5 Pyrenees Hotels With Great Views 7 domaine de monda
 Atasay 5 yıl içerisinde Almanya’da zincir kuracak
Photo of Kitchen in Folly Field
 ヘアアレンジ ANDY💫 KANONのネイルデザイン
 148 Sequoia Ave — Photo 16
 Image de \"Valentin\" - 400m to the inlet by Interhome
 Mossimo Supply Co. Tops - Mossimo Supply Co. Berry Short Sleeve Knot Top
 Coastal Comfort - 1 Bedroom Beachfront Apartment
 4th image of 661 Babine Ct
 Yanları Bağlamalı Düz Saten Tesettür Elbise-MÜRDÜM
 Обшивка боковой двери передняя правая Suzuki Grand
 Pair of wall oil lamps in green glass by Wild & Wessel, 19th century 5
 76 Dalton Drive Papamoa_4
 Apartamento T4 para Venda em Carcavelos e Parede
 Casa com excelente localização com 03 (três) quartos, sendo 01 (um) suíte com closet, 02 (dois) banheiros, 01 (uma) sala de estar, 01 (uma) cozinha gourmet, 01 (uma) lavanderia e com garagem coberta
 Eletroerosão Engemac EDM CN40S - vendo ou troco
━━━━━━
WHAT YOU SHOULD DO
A verbatim copy of every record is what you should return.

WRITTEN SOLUTION
5 Pyrenees Hotels With Great Views 7 domaine de monda
 Atasay 5 yıl içerisinde Almanya’da zincir kuracak
Photo of Kitchen in Folly Field
 ヘアアレンジ ANDY💫 KANONのネイルデザイン
 148 Sequoia Ave — Photo 16
 Image de \"Valentin\" - 400m to the inlet by Interhome
 Mossimo Supply Co. Tops - Mossimo Supply Co. Berry Short Sleeve Knot Top
 Coastal Comfort - 1 Bedroom Beachfront Apartment
 4th image of 661 Babine Ct
 Yanları Bağlamalı Düz Saten Tesettür Elbise-MÜRDÜM
 Обшивка боковой двери передняя правая Suzuki Grand
 Pair of wall oil lamps in green glass by Wild & Wessel, 19th century 5
 76 Dalton Drive Papamoa_4
 Apartamento T4 para Venda em Carcavelos e Parede
 Casa com excelente localização com 03 (três) quartos, sendo 01 (um) suíte com closet, 02 (dois) banheiros, 01 (uma) sala de estar, 01 (uma) cozinha gourmet, 01 (uma) lavanderia e com garagem coberta
 Eletroerosão Engemac EDM CN40S - vendo ou troco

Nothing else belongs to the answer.